Il sera nécessaire de commencer par un état des lieux qui consistera, dans un premier temps, en la caractérisation de la nature et la localisation des contaminants industriels dans le Rhin supérieur servira à reconstruire l’historique des rejets. La particularité et la difficulté concernant la règlementation des rejets industriels dans le Rhin supérieur est qu’elle puise sa source dans le droit international (conventions internationales), le droit européen (directives) et règlements) et enfin le droit national (lois et règlements) en raison de sa position transfrontalière. L’analyse comparative des règlements aura pour objet l’étude des influences mutuelles qu’il a pu y avoir au cours du temps entre les différentes sources de droits et in fine la compréhension de l’adaptation des rejets industriels vis-à-vis de l’évolution des sources réglementaires. Par ailleurs il sera nécessaire d’identifier, en parallèle de l’historique des rejets, non seulement les règlements applicables à la protection de la ressource en eau mais également les règlements applicables aux installations nucléaires de bases du fait de la présence de la CNPE. Plus généralement, ces réglementations doivent être analysées dans le contexte plus global de la transition énergétique visant dans l’Union européenne une économie décarbonée à horizon 2050. Afin de réaliser cette première étape, il est nécessaire de recueillir les données documentaires, cartographiques, réglementaires, d’observations de terrain, ainsi que d’entretiens avec les acteurs impliqués dans les rejets dans le Rhin supérieur et les habitants et riverains proches du Rhin supérieur des deux côtés de la frontière. Dans cette étape de travail, nous ne nous limiterons pas à des approches purement descriptives, et chercherons au contraire à mettre en œuvre des approches participatives. Dans ces approches, les sujets participants (les acteurs) sont considérés comme des co-chercheurs et pas seulement des partenaires d’un processus de création de savoirs pour l’action. - Recoupage entre les données géo-historique et réglementaires.

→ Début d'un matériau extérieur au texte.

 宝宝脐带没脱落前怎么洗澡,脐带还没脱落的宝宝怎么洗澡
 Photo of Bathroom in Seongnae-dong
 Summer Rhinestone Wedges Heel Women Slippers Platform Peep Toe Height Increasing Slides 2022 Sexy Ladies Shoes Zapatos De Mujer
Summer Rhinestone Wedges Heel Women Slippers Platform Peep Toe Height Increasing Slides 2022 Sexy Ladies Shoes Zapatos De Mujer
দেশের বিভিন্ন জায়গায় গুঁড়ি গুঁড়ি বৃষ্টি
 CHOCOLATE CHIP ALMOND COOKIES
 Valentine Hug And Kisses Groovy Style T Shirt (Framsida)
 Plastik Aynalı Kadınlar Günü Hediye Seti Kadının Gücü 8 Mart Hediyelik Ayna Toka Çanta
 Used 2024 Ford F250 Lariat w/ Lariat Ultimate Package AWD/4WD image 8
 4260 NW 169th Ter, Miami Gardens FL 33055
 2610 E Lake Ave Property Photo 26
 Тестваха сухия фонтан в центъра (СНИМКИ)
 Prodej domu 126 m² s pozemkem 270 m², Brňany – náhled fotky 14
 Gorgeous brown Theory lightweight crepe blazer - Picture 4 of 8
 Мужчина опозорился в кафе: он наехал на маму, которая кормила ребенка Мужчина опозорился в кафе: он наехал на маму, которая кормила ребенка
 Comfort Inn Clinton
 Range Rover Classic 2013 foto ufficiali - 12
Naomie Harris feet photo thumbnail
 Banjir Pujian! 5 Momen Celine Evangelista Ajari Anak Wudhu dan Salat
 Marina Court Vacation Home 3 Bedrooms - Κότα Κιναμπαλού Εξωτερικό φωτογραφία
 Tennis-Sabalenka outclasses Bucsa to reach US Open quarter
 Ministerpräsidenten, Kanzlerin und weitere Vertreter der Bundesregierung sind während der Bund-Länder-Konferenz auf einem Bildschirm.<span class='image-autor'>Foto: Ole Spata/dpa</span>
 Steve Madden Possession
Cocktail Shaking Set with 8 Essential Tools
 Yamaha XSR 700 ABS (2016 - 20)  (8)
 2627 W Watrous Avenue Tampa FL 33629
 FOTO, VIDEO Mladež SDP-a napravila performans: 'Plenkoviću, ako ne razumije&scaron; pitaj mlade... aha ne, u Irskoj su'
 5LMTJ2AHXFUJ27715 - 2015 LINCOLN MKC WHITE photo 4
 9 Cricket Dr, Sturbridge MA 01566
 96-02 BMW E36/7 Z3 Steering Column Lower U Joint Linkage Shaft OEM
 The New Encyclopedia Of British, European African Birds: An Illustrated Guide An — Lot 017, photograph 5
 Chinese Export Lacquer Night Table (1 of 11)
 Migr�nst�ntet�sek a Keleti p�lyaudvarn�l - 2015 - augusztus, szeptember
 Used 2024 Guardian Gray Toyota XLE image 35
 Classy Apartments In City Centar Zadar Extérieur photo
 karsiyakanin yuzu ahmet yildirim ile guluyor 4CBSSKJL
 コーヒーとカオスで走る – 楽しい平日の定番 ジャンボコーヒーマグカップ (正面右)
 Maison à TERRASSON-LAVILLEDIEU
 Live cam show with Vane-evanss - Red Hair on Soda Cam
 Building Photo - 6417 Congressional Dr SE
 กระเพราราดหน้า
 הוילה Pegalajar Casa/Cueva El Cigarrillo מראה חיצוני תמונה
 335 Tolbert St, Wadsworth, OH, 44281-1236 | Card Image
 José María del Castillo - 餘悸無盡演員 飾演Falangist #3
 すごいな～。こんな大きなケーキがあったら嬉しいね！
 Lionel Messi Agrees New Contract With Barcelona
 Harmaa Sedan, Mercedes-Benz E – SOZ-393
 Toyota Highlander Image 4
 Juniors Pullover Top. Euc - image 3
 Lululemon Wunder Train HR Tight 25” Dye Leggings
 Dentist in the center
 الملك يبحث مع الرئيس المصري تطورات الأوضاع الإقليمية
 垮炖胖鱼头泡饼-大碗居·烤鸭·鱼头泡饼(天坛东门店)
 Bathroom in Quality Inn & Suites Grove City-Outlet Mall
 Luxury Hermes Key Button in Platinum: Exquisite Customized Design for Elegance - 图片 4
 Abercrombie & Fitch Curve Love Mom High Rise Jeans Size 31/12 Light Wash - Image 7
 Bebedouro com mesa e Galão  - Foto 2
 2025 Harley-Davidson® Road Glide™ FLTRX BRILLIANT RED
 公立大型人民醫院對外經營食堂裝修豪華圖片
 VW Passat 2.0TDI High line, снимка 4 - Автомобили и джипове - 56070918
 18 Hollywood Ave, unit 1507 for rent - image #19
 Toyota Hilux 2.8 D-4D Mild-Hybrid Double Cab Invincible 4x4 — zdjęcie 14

Les données historiques et règlementaires préalablement recueillies par la démarche décrite ci-dessus auront vocation, dans un second temps, à être exploitées et croisées entre elles pour faire un point géo-historique sur les rejets industriels dans le Rhin supérieur, au regard de l’évolution de la réglementation, et en visant plus particulièrement le rôle du CNPE de Fessenheim, dont on va chercher à mieux déconvoluer le rôle par rapport à l’ensemble des autres rejets. L’élaboration de cartes portant sur la géo-histoire et sur l’influence normative réglementaire du Rhin supérieur facilitera la compréhension de leurs influences mutuelles. Puis l’analyse de ces cartes permettra d’évaluer les contraintes et les opportunités juridiques de la logique transfrontalière et européenne qui redessinent l’espace du Rhin supérieur. On s’intéressera aux principales interactions mutuelles entre le territoire du Rhin supérieur et les législations nationales et européennes.